Del sangue e di altre santità: così il racconto di Artemisia Gentileschi per “Donne, non formiche”, promossa da Zefiro APS

Ci sono personaggi per cui la narrazione popolare abusa la categoria dell’icona: uno stilema, un nome, un tratto biografico, che semplifica il vissuto di questa persona, magari ne attualizza la visione, per farne la paladina di qualcosa, senza occuparsi che ciò renda la giusta autenticità dei contributi di questa persona alla Storia.

Accade ogni giorno a Frida Kahlo, a Marilyn Monroe. È accaduto anche a Artemisia Gentileschi, e a tutte le donne del ciclo “Donne, non formiche” (frase proprio di Marilyn Monroe), promosso da Zefiro APS nella persona di Francesco Minervini, promossa dal Consiglio Regionale della Puglia nell’ambito dell’Avviso “Futura. La Puglia per la parità. 2° ed.”,che mirano a sviluppare riflessioni e approfondimenti sul tema della parità di genere, partendo da figure femminili del passato che hanno percorso i moduli letterari e artistici in contesti ostativi e hanno affermato coraggiosamente i diritti della donna.

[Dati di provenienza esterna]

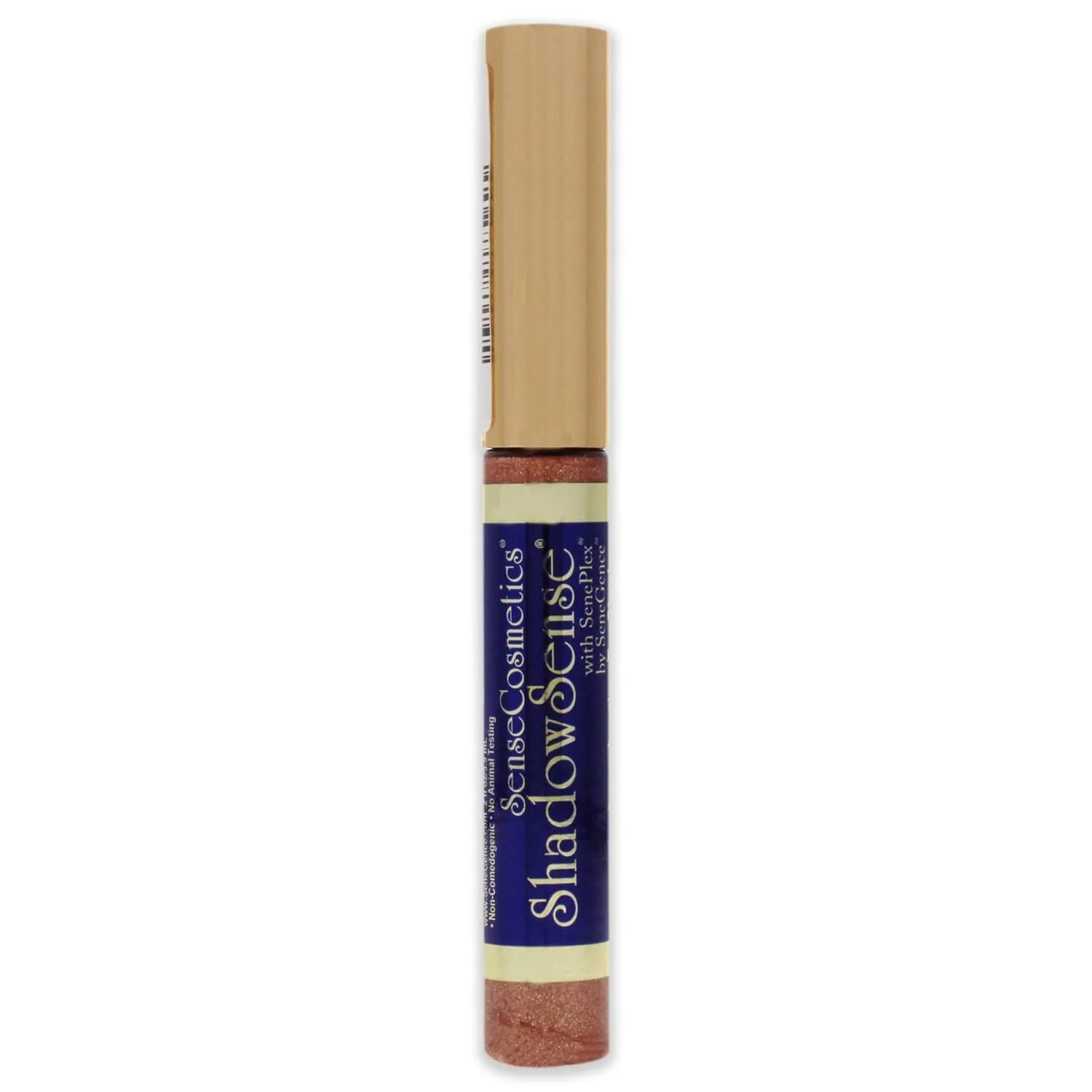 SeneGence ShadowSense Cream To Powder Eyeshadow - Rose Gold Glitter 0.2 oz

Il ciclo di incontri, nello specifico, si propone un recupero storico e filologico del vissuto delle donne che, ciascuna nel suo ambito, hanno rappresentato un caposaldo nella storia di una delle branche dei saperi umani, dalla scienza, com’è stato per Ipazia di Alessandria, alla pittura, come per Artemisia Gentileschi, a come sarà per Eleonora de Fonseca Pimentel per il giornalismo, nonché per la verità storica sulle Donne della Resistenza, con cui il ciclo di incontri si concluderà.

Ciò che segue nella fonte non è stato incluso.